In an email to Gothamist, a spokesperson from ACS said there has not been an official policy shift on removals since Perkins' death. "Though ACS has not issued any directives related to pursuing removals more aggressively, highly publicized cases tend to result in an increase of child maltreatment reports, which in turn bring more investigations," the spokesperson wrote. "ACS continues to make all efforts to keep children safe in their homes, and when that is not possible, we seek removal."

Children of color, particularly black children, are vastly overrepresented in the child welfare system nationwide. A 2015 report from Al Jazeera America found that black children in New York City were placed in foster care at a rate more than 10 times that of white children. Because of this disparity, black children are disproportionately impacted by changes in welfare policies.
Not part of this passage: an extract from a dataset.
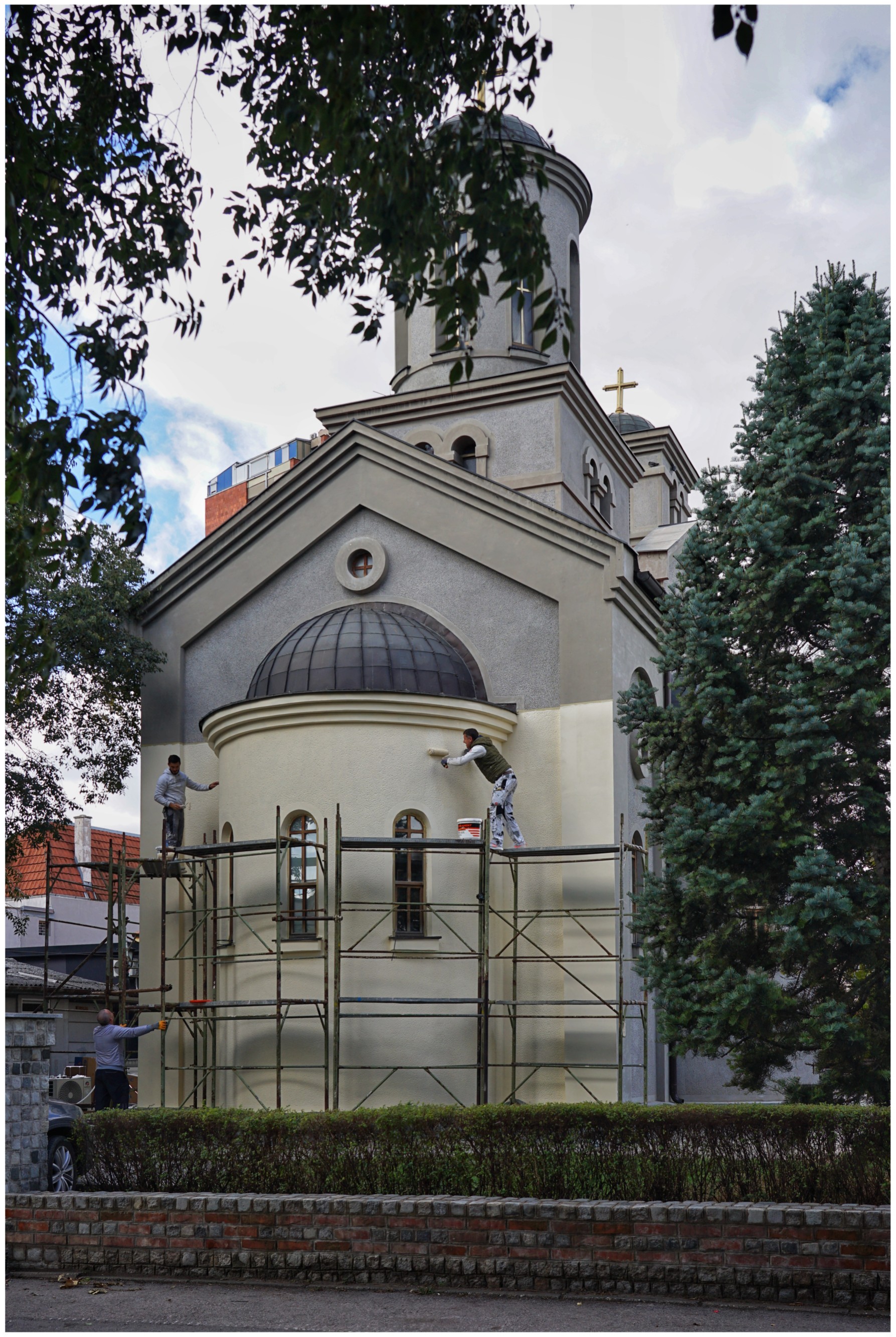 Црква Светог Луке у Нишу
"The racial disparities of our child welfare system are alarming and certainly should be disturbing to anyone looking at the system," Gottlieb said. "We're disproportionately inflicting that harm on black kids."

In early October, ACS Commissioner Gladys Carrion announced that the agency would institute major reforms after news reports that the mother of six-year-old Zymere Perkins, who died in late September due to injuries allegedly inflicted by his mother's boyfriend, had been investigated by ACS on five different occasions. Perkins was never removed from the household.

ACS has been heavily criticized for its handling of child welfare investigations in recent years. In May, the Department of Investigation released a scathing report finding that the agency frequently failed to investigate or report allegations of child abuse and flouted record-keeping and requirements.

Last week, DOI announced it was investigating the agency's handling of the case of Jaden Jordan, a three-year-old child allegedly beaten into a coma by his mother's boyfriend at the family home in Gravesend. Jordan died Monday as a result of his injuries.

ACS has not yet released data on removal filings in November.

A previous version of this article overstated the total number of petitions for removal filed by ACS in October; it is 312, not 1,322. The post has been updated accordingly.